With almost 25 years’ experience working at the university, Asiah Abu Samah, Director of the IT Centre, has witnessed first-hand the way that PTM’s technology has transformed the institution’s campus operations, teaching and learning. “PTM is a partner to the university in terms of applying IT technology,” Abu Samah explains. “The centre provides network services, ICT security monitoring, application development, data centre, IT support, and we also help the university in terms of IT governance, for example. Our aim is to provide an evolving IT platform that supports the university’s overall continuous development, sustainability, optimisation and mitigation of enterprise risks.
“IT is a major priority for the organisation,” she adds. “The university has quickly realised that it needs to become leaner as an organisation and IT is the best tool to achieve this. It makes us more competitive. It helps improve the user experience for students and stakeholders. It helps us gear up towards Industry 4.0. As a result, we are focusing on data-related decision making and analytics.”
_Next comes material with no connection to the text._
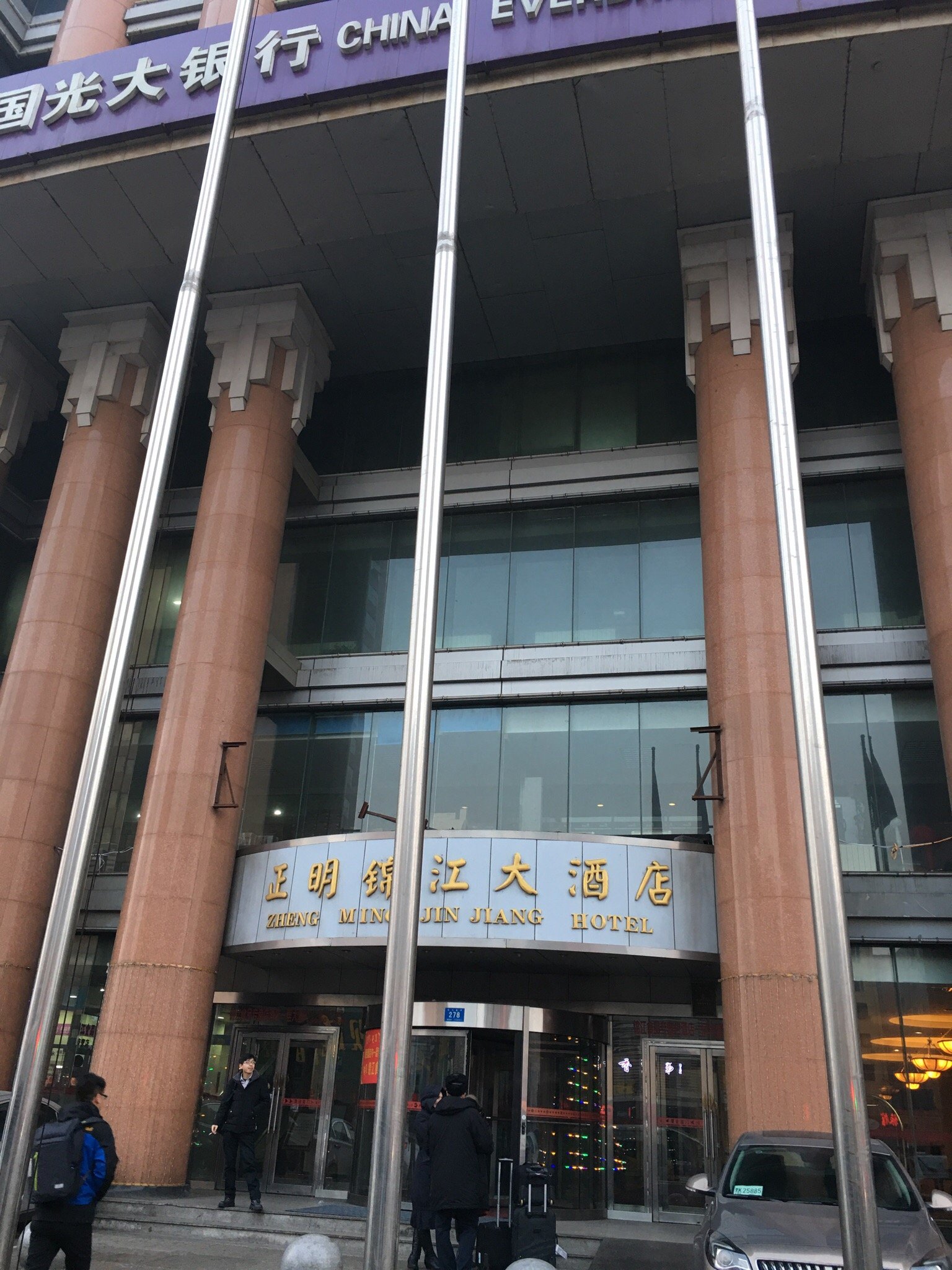 正明锦江大酒店-官方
One such project that Abu Samah highlights is the university’s efforts to become a ‘smart campus’. A trailblazer in IT, the university campus is quickly transitioning towards cashless payments and the use of QR codes. In doing so the University of Malaya hopes to encourage digitally-savvy students to feel more engaged in university life and to compete successfully in today’s digital economy. On top of this, it will also make transactions more seamless and boost revenues.
“The object of this smart campus is to support process optimisation, financial sustainability and wealth creation,” Abu Samah says. “The cashless campus will help us check our revenue and income, and it will also help to improve the user experience because it's faster, easier and more seamless. In the long-term, I think smart campuses will soon become the norm.”
With over 24,000 students passing through the university’s doors daily, PTM’s operations are far reaching. The ICT centre is comprised of: a data centre management division, an information management system division, an innovation and commercialisation division, a network division, an ICT operations and support division, and a governance, security and administration division. Each division has a vital role that keeps the cogs going at this prestigious institution.
Regardless of the department, however, Abu Samah points out that two of the most crucial trends her team need to be in tune with are data analytics and security. “In most cases, IT security is actually at the forefront of every organisation,” observes Abu Samah. “Any hiccup can impact negatively on our operation.” The role can be seen most clearly at the university’s data centre and network gateway. With mountains of data at their fingertips, this group ensures that data and information are always easily within reach whilst still remaining secure.
Uptime is a key concern for the university so it is currently in the midst of implementing a new disaster recovery site to ensure that the data centre runs consistently and smoothly, for instance.
“Data analytics is very important to help us position ourselves as a leading university,” she adds. “There are so many universities in the world right now, so we need the data to be analysed and to benchmark ourselves against other universities to see how we compare. This makes us unique in the market.”
This same conscientious approach is also visible in the way the university maintains its network. An internet connection is the lifeblood of any modern university campus, and so PTM’s network division constantly monitors and maintains both the internet and bandwidth of the network to ensure it doesn’t falter. “Our campus network is up 24/7, 365 days a year,” notes Abu Samah. “We can’t even let it down more than one hour. It's very important to us. That's why we set up our ICT security monitoring to ensure that the network is always a safe place to be.” Over 13,000 devices are connected to the university’s wifi service daily and so Abu Samah points out how PTM has chosen Ruckus as a key network partner because the technology they offered “fit PTM’s continuous aim towards improved user experience.” She added: “Ruckus enables stronger and wider coverage, as well as a reduced rate of interference and an ability to cater for more concurrent users.”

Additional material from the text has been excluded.